1. Order volumes are considerably higher during daytime hours on weekends (9 AM to 5 PM). Therefore, it is recommended that the company allocates more drivers during these peak hours by adjusting delivery fees. This would ensure sufficient driver availability and timely order deliveries, leading to increased customer satisfaction and loyalty.
2. The majority of orders (~48%) are placed more than 7 days after the customer's last order. To encourage more frequent purchase, it is suggested that the company utilizes targeted strategies to increase customer loyalty and drive repeat business. For example, coupons, discounts and free shipping can be offered to customers whose second order exceeds a certain amount within a week.
3. Among the top 20 products, 14 (~75%) are organic. Organic products also have higher reorder rates compared to non-organic products. Given the growing demand for healthier food options, the company should consider increasing the visibility of organic products across its websites and mobile applications.
4. The company may consider building a dynamic dashboard based on the treemap (Figure 10) with regular updates. It can facilitate ongoing monitoring of overall sales conditions, streamline data storage and analysis, and improve decision making efficiency.

🧽 Data Preprocessing

The original datasets were obtained from Kaggle. There are five original datasets, which respectively contain information on order information, products purchased in each order, product information, department information and aisle information from Instacart, a grocery delivery service.

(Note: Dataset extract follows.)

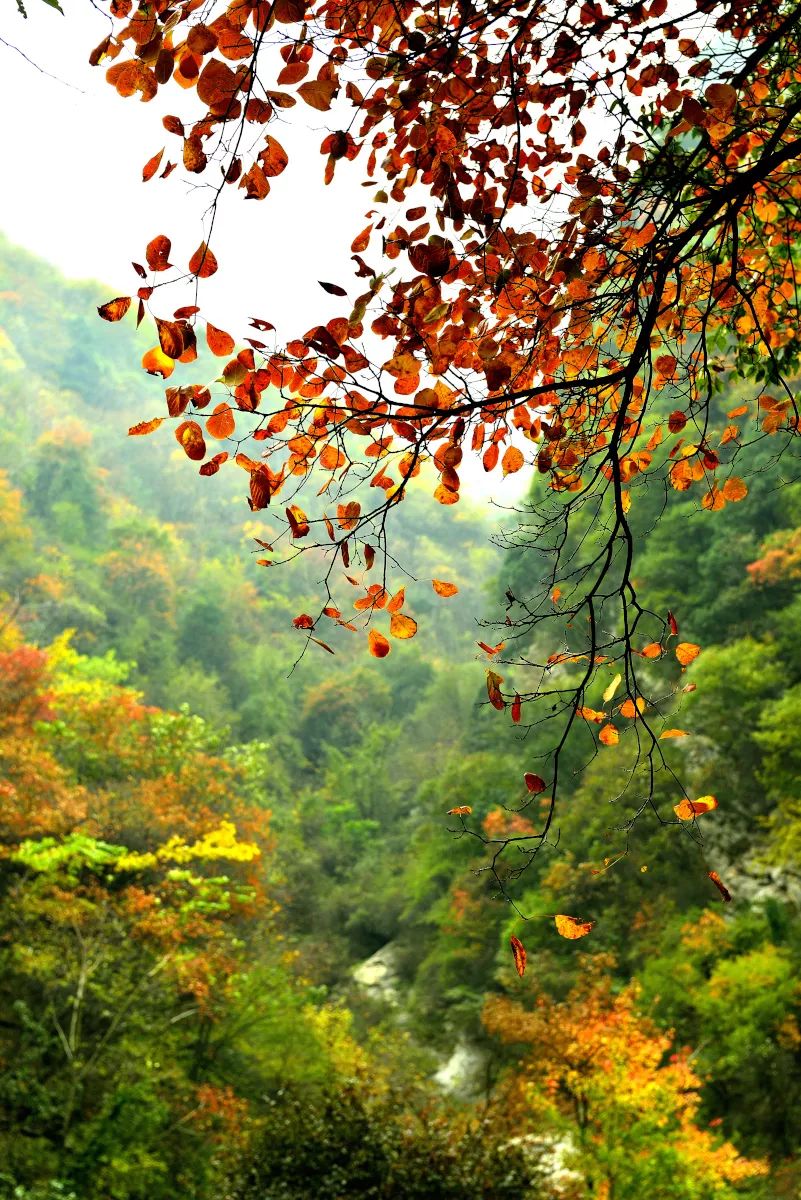 少华山红叶节完整视频,少华山赏红叶景区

During dataset joining, there seems to be a problem of mismatched numbers of rows between datasets, which may indicate many-to-one or duplicate issues. After investigating the unique values in datasets that contain department and aisle information, two departments and three aisles with repetitive ids and unreasonable names were dropped. It is more common to reach out to data providers when dealing with this kind of issue in practice, but here intuition works just fine since stores probably do not sell “illegal drugs” or “nuclear missiles”.

There are also some messy entries of aisle names. Necessary actions have been done to clean up these data.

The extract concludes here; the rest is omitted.